Dad is living legend Jim Dickinson, a Memphis guru who has given his considerable piano and organ skills to the Rolling Stones' Sticky Fingers, the Flaming Groovies' Teenage Head, Primal Scream's Give Out But Don't Give Up, Slobberbone's Everything You Thought Was Right Was Wrong Today, Jerry Jeff Walker's Bein' Free, and Aretha Franklin's overlooked gem Spirit in the Dark, on which Duane Allman plays guitar. He's also produced some of rock's certifiable nuggets, such as Big Star's Third/Sisters Lovers, Alex Chilton's Like Flies on Sherbert, and the Replacement's Pleased to Meet Me.

"It's great," Luther says about being produced by his father. "We're paying him. We've recorded with him all our lives. On the last record he was working with Alvin Youngblood Hart and so we did it ourselves. It was the first time we did that, but we had learned so much from him that it went just fine. Just being around him and learning about the hypnotism of production and the philosophy behind doing things gave us the confidence to do it ourselves."

Being so familiar with one another has also produced its share of unique circumstances in the studio. "Dad says we're immune to his production," Luther says, laughing. "He likes having fresh meat that he can squeeze--'victims' as he calls them. But it's still really volatile. Anytime you get music, business, and family together, that's going to happen."

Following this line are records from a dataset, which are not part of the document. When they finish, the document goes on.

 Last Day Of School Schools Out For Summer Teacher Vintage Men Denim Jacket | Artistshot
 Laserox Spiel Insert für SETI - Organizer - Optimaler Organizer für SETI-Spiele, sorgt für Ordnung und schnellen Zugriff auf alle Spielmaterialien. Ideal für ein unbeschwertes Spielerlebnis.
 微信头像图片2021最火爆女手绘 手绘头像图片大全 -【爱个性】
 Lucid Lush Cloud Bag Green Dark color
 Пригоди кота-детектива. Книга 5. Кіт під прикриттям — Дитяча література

Father Jim is himself Southern by birth, and Luther zealously points out that the Allstars are a very Southern affair. It's a heritage of which he's very proud, though even in the States, he encounters stereotypes that get on his nerves. "One misconception that I can't stand about the South is that we don't get along with each other," Luther says. "Memphis and Mississippi are pretty much a widely black population. But people get along great. I went to public school, no problems there, black musicians play with white musicians, no problems there, we go to the same stores and eat the same things. People get along with each other really well. And I can't stand when you see things about the South and they just get it wrong--like that movie A Time to Kill. I hate that."

Just as Texas has the Hill Country, the Panhandle, and East and West regions, each with its own set of smells and ways, culturally the South is as variegated as its music. It's a region that can accommodate the raucous antics found in the novels of Harry Crews, the restrained sarcasm of Flannery O'Connor, the existential angst of Walker Percy, or the sassy camp of Tennessee Williams. It's why Atlanta and Savannah feel like they're in different universes, let alone different area codes and zip codes. Even though the South may be a hodgepodge of eccentricities and idiosyncrasies, it can instantly recognize its own.

"That's the thing about the South, it's all different but it's got some of the same spirit everywhere you go," Luther says. "Like around here it's hilly, but it's not hilly everywhere in the South. And I have a car, and for me sometimes you just like to drive around. And you have the power lines running everywhere, so you're driving and you've got all these parallel lines running everywhere and you're cruising through the hills, so everything goes whooshing by in every direction. That's part of home for me. But we've got some of the things that everybody in the South knows how to appreciate as well--great music and dancing, pretty girls, dirt, and drunk afternoons."